### RECORDS TO USE ###
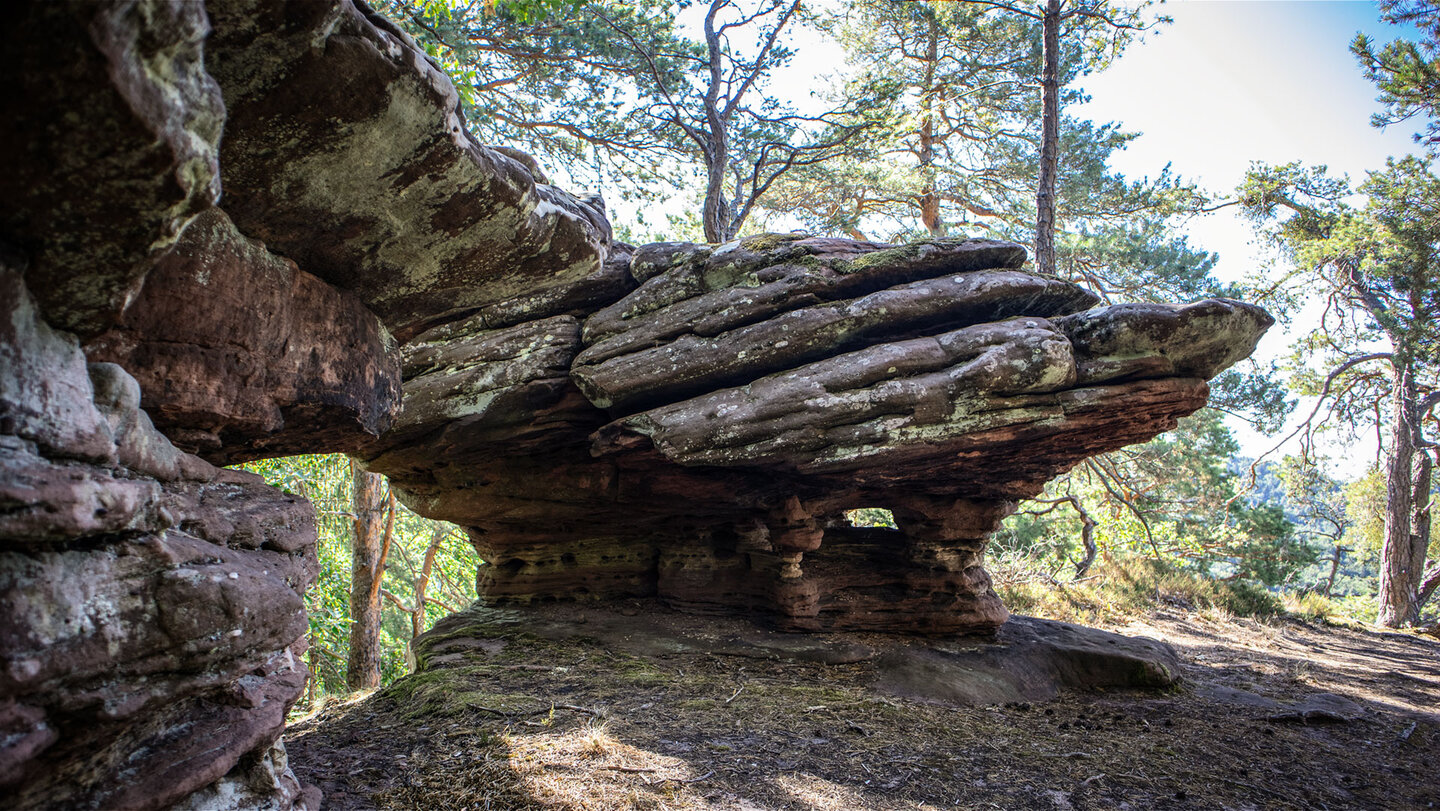 Felsformationen auf dem Gipfelplateau des Nonnenfels.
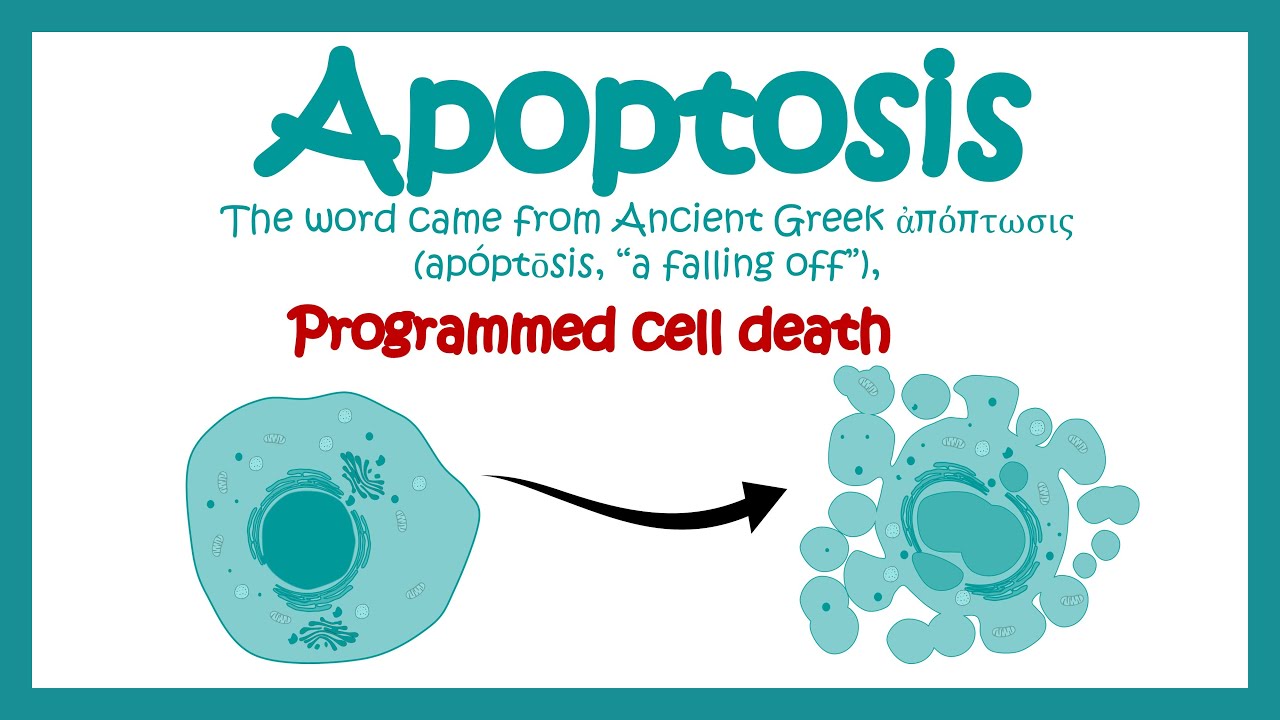 Apoptosis | Apoptosis in Pathological and Physiological context | Molecular pathway of apoptosis
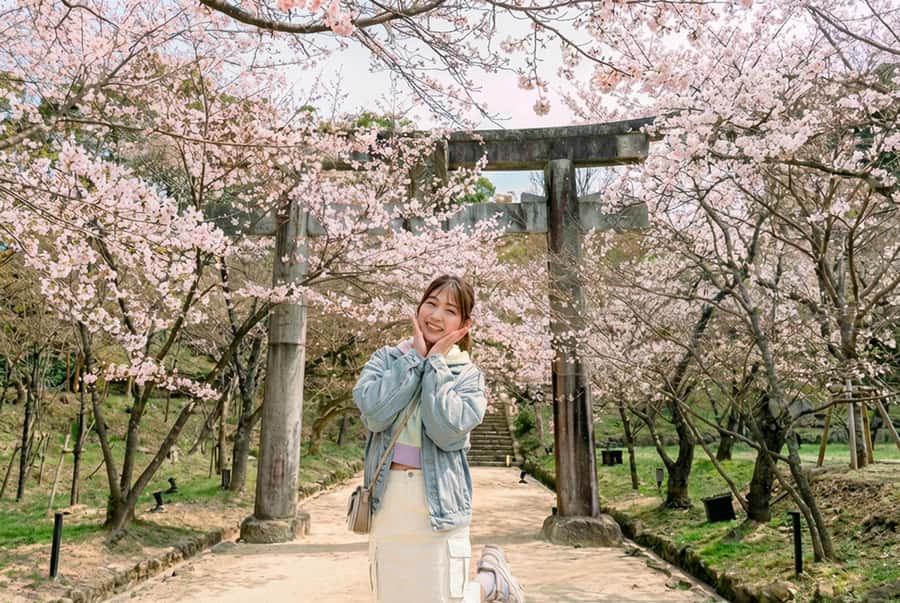 Fukuoka: Seafood Market and Local Flavors Tour with Dazaifu - Discovering Fukuoka’s Flavors and Heritage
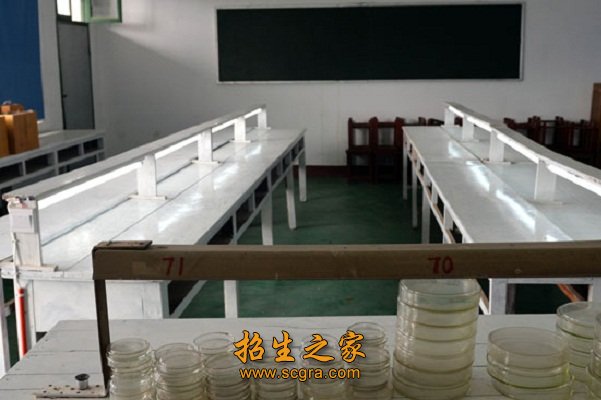 1.新生入校后可自选专业
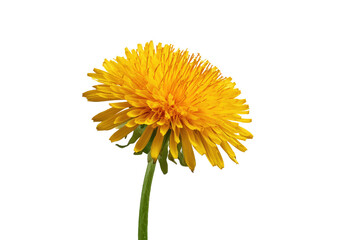Close-up of a vibrant yellow dandelion (1)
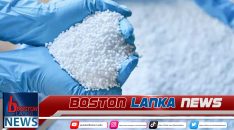 News Iamges.00_00_00_11.Still2022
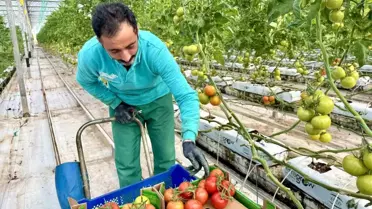 Diyadin'de Jeotermal Domates Üretimi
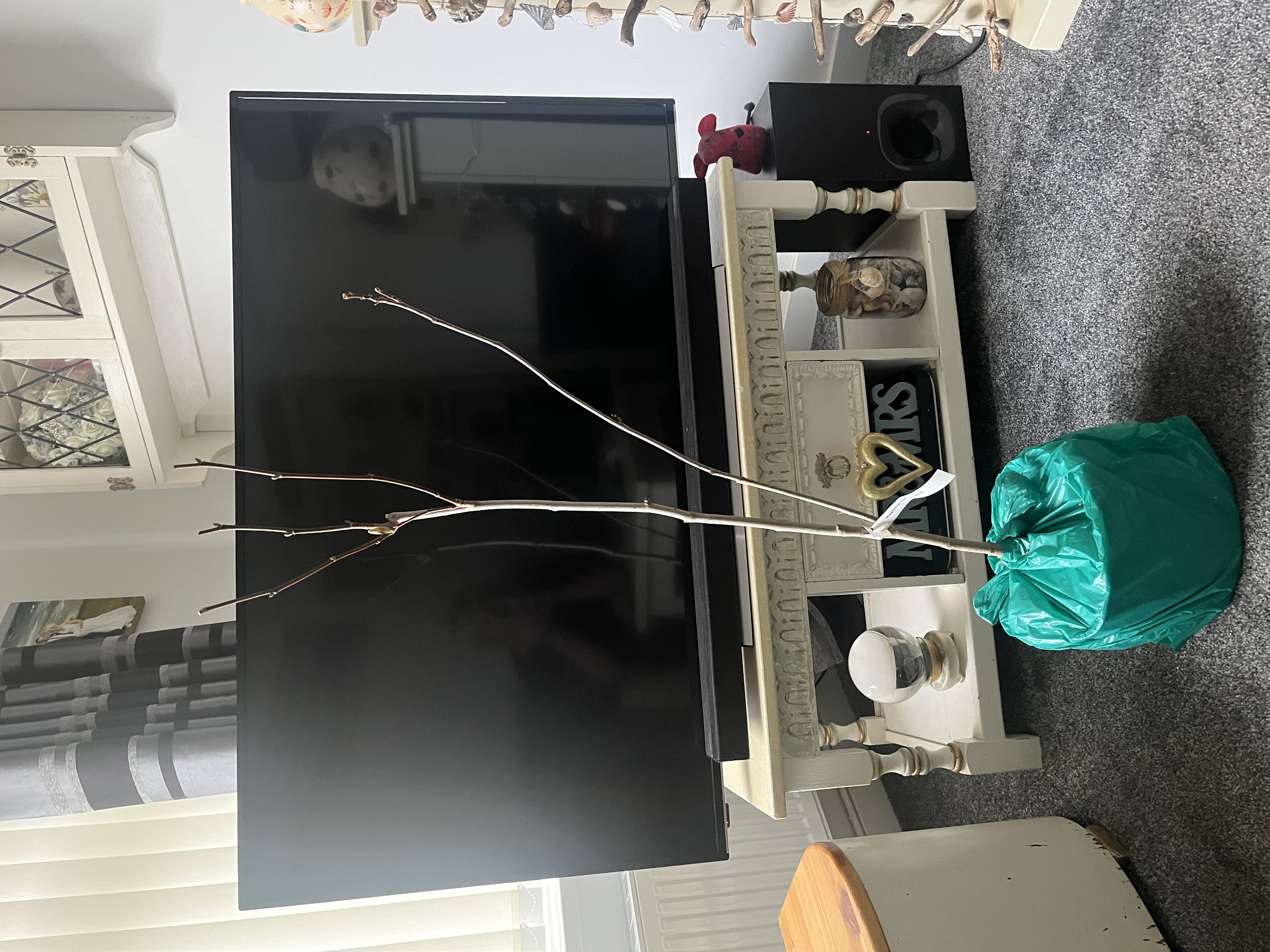 Customer photo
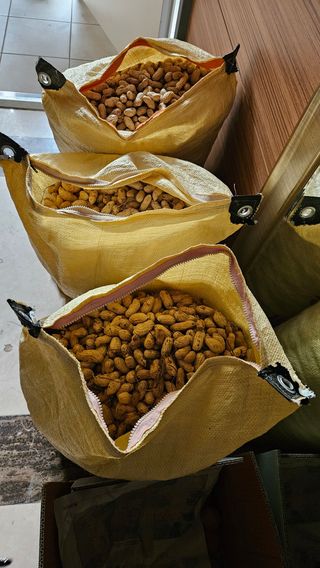 홍&이님의 장터이야기 · 자유게시판 작성글 사진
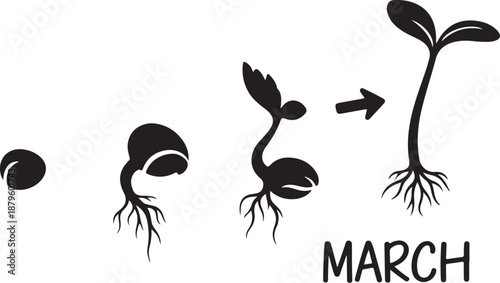 Seed Germination and Growth Process in March Illustration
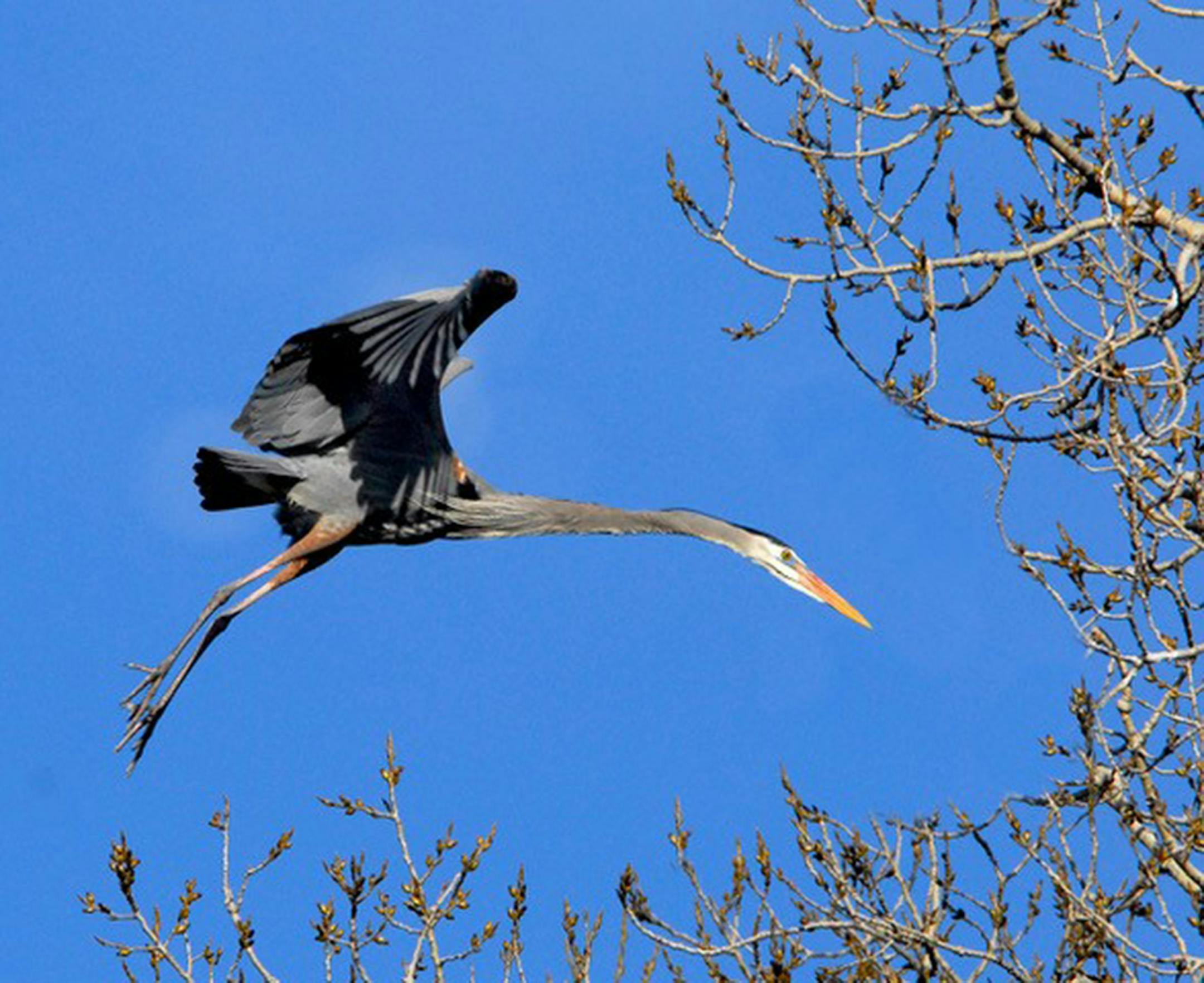 Great blue heron. Jim Williams photo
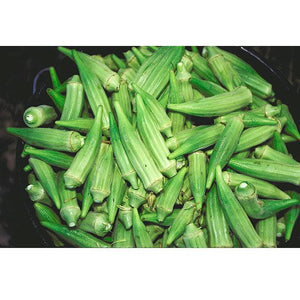 Clemson Spineless 80 Okra Seeds (Organic)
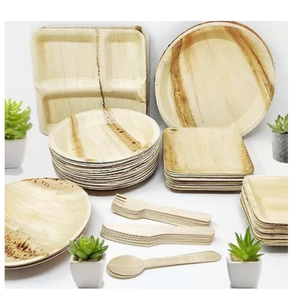 Premium <b>Disposable</b> Areca Palm <b>Plates</b> with Smooth Natural Finish for Family Gatherings Corporate Events and Hospitality Use - Product Image 3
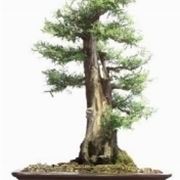 Podocarpo bonsai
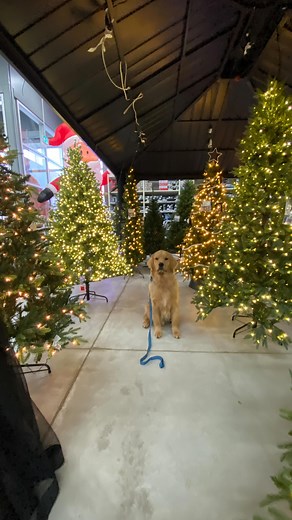 Today’s structured leash walked took a little detour 💛🐾 | Find Your Balance Dog Training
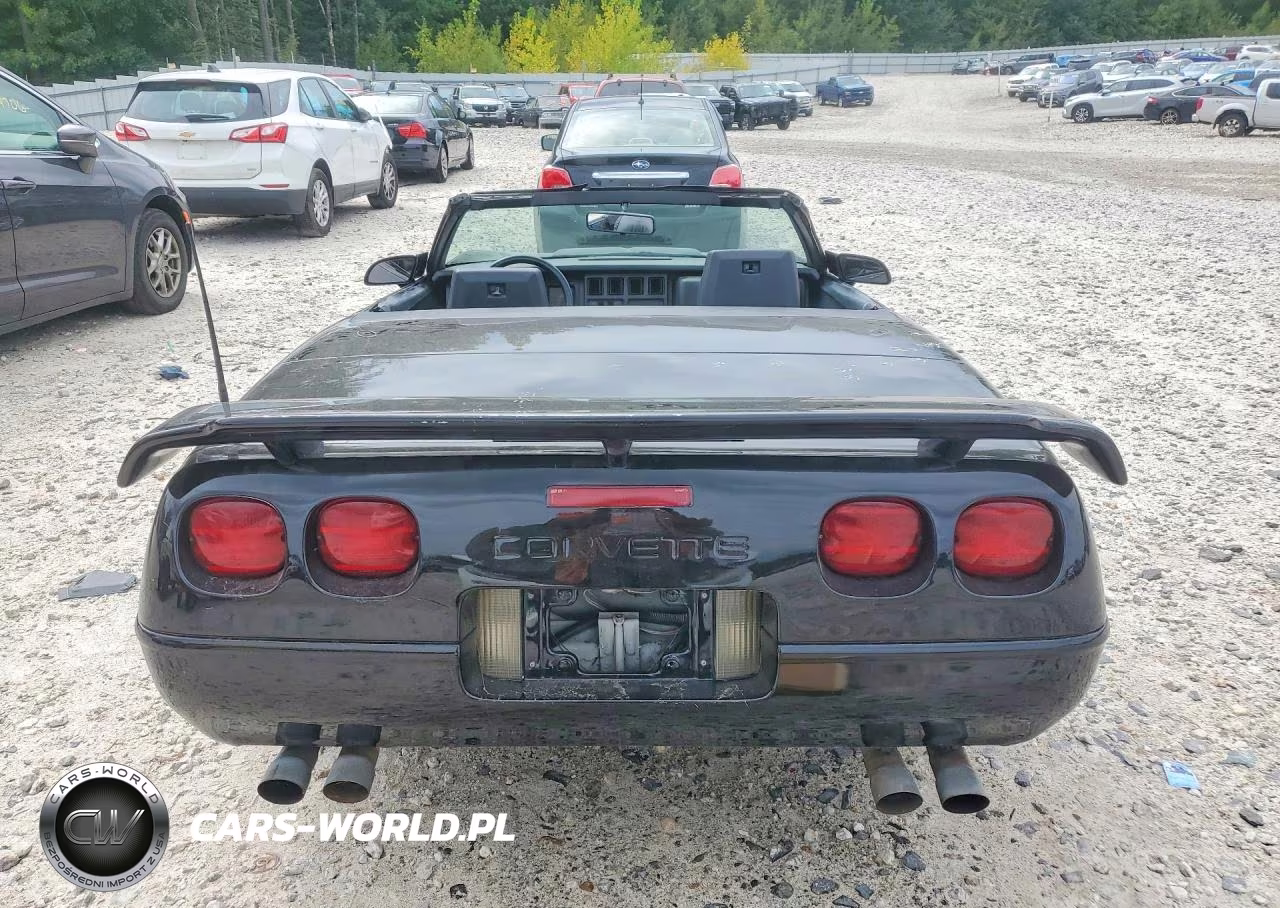 2001 Chevrolet Corvette VIN:1G1YY2184H5111475 - 6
###
Without including any picture, repeat the data exactly.

 Felsformationen auf dem Gipfelplateau des Nonnenfels.
 Apoptosis | Apoptosis in Pathological and Physiological context | Molecular pathway of apoptosis
 Fukuoka: Seafood Market and Local Flavors Tour with Dazaifu - Discovering Fukuoka’s Flavors and Heritage
 1.新生入校后可自选专业
Close-up of a vibrant yellow dandelion (1)
 News Iamges.00_00_00_11.Still2022
 Diyadin'de Jeotermal Domates Üretimi
 Customer photo
 홍&이님의 장터이야기 · 자유게시판 작성글 사진
 Seed Germination and Growth Process in March Illustration
 Great blue heron. Jim Williams photo
 Clemson Spineless 80 Okra Seeds (Organic)
 Premium <b>Disposable</b> Areca Palm <b>Plates</b> with Smooth Natural Finish for Family Gatherings Corporate Events and Hospitality Use - Product Image 3
 Podocarpo bonsai
 Today’s structured leash walked took a little detour 💛🐾 | Find Your Balance Dog Training
 2001 Chevrolet Corvette VIN:1G1YY2184H5111475 - 6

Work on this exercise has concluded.